A pressing concern for many of my financial clients at the moment relates to how they should be responding to phishing attacks.
Phishing attacks exploit weaknesses in the standard email protocols. These allow attackers to impersonate a financial organization, using the same techniques as spammers and, in many cases, even using the same shared lists of email addresses. The aim is to persuade the recipient to supply confidential information to the attacker through a corrupted or fake instance of the website.
As with any electronic threat, there are multiple vectors for possible attack. While phishing attacks rely heavily upon the social engineering aspects of forged emails to be statistically successful, there are still a number of things that I can advise my clients to do to protect themselves.
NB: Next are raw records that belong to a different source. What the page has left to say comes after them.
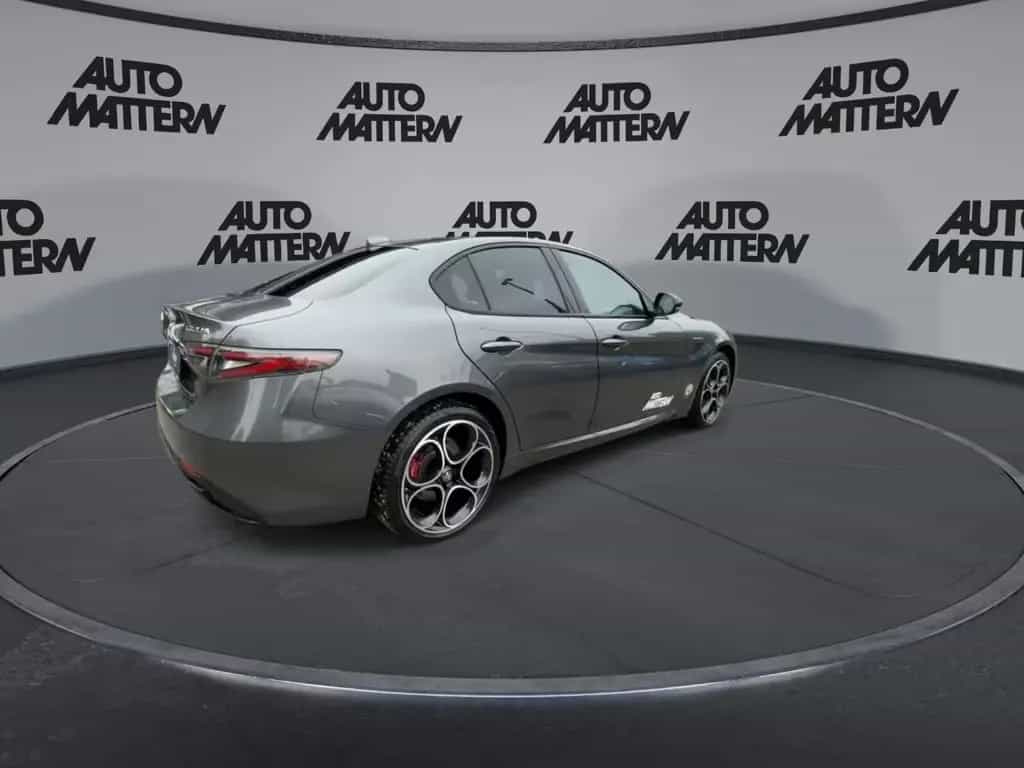 Alfa Romeo Giulia 2.0 Turbo 16V Veloce Q4 11/2023-photo-7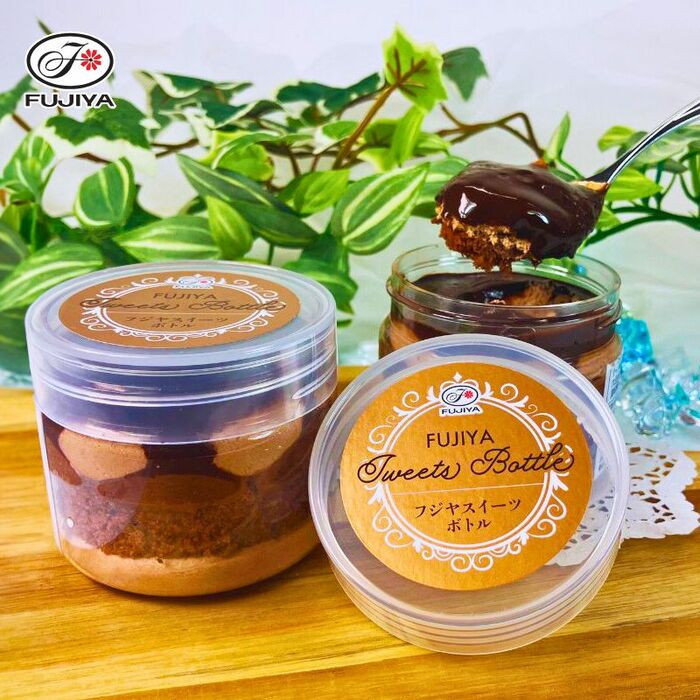 ボトル容器にパフェを詰め込んだ「カカオ」をしっかり感じるスイーツボトル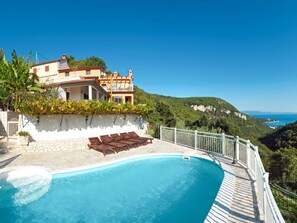 Pool - Nice apartment for 4 people with pool, A/C, WIFI, TV and terrace (Labin)
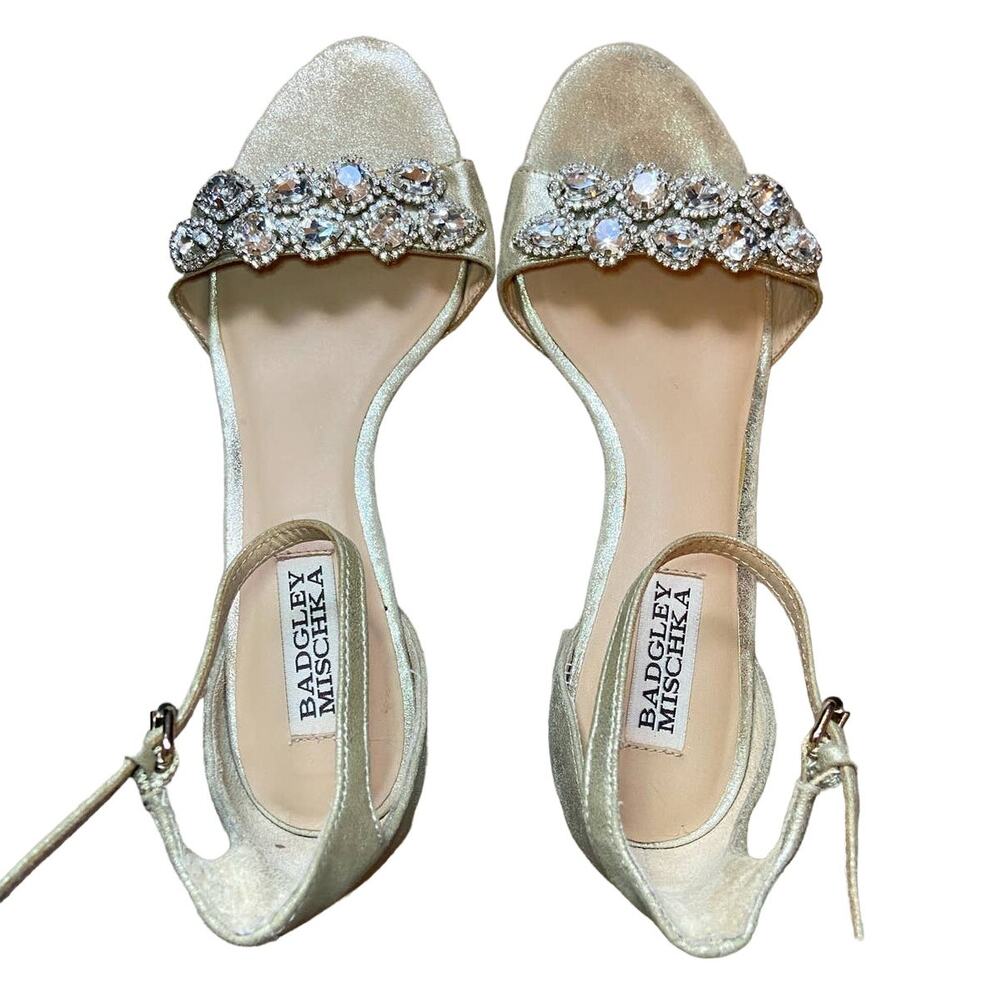 New Badgley Mischka Gold Leather Embellished Chunky Heels Ankle Strap Size 6 - Picture 2 of 10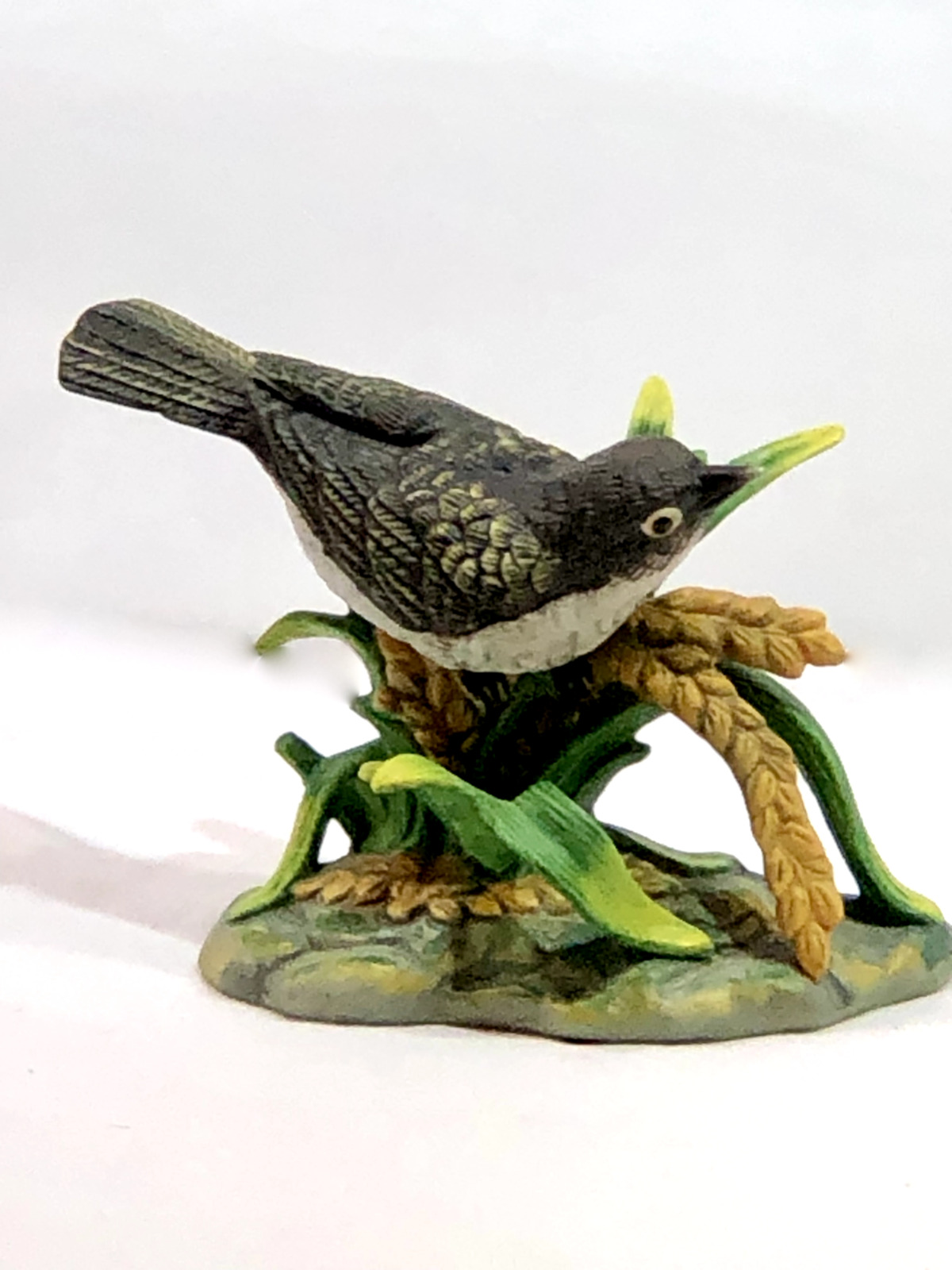 Vtg Wellington Collection Cuckoo Bird Porcelain Figurine Perched on Wheat Stalks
This advice extends beyond relying on third-parties to correct the standards, educate their technology-challenged clientele, or even police against each new phishing scam. Instead, they should spend some time focusing on the things which they themselves can do to their applications and systems.
In the first instance, they need to ensure they have deployed the standard assortment of security mechanisms that are designed to protect their customers from attacks based around information leakage and threats associated with the use of non-secure or shared computers (such as those found in cybercafés) – and actually have them verified as implemented correctly. This includes multi-tier login processes that are capable of thwarting automated attacks and common key-logging attack methods, as well as investing in robust input validation processes.
These standard protection mechanisms represent the front-line in application security. Unfortunately, many organizations fail to implement these standard security features successfully.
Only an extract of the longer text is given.